EXERCISE INSTRUCTIONS: Please repeat the lines below, exactly and only, from the one that holds "Hello everyone, today" through the one that holds "Alright, these are".

GIVEN RECORDS:
= = =

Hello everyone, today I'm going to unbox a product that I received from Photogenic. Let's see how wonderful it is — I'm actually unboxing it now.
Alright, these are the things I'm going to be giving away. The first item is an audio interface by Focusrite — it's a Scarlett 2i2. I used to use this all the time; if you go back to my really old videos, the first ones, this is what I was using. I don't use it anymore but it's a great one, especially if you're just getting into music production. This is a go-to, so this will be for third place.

= = =

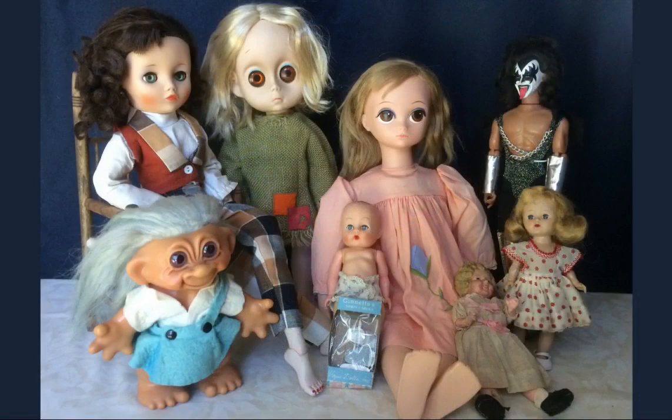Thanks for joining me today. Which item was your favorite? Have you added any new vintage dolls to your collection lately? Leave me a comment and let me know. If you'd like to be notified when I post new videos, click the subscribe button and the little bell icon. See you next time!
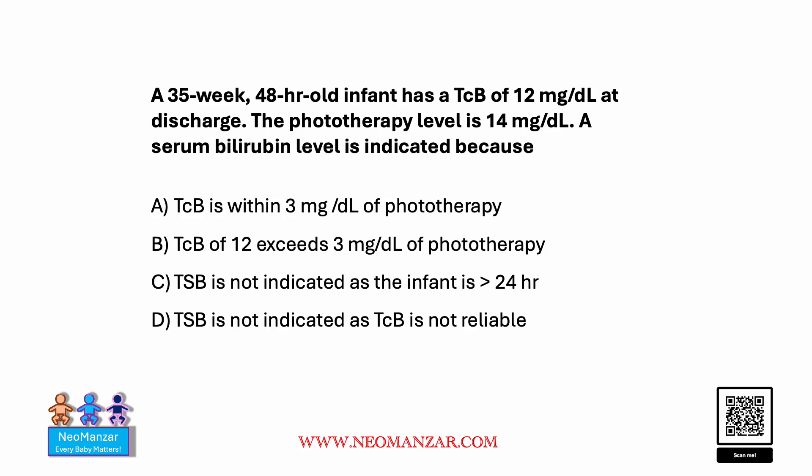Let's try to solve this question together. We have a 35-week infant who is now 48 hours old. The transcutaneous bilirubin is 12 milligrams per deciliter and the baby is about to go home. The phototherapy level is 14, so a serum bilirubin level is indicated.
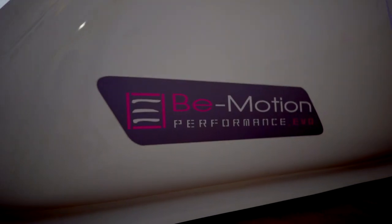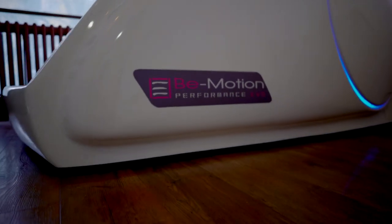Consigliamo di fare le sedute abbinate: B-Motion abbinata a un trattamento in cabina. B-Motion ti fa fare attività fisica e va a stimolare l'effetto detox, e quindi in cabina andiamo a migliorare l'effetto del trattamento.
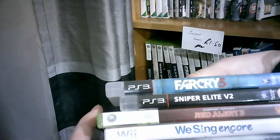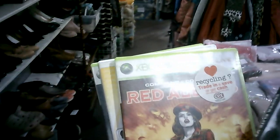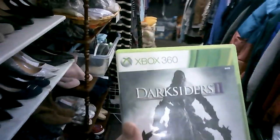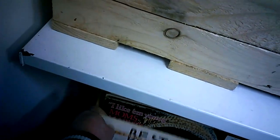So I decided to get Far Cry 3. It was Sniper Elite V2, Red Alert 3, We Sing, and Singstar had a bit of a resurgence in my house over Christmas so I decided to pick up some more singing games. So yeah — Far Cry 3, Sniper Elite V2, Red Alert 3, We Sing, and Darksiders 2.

= = =

YOUR RESPONSE:
Hello everyone, today I'm going to unbox a product that I received from Photogenic. Let's see how wonderful it is — I'm actually unboxing it now.
Alright, these are the things I'm going to be giving away. The first item is an audio interface by Focusrite — it's a Scarlett 2i2. I used to use this all the time; if you go back to my really old videos, the first ones, this is what I was using. I don't use it anymore but it's a great one, especially if you're just getting into music production. This is a go-to, so this will be for third place.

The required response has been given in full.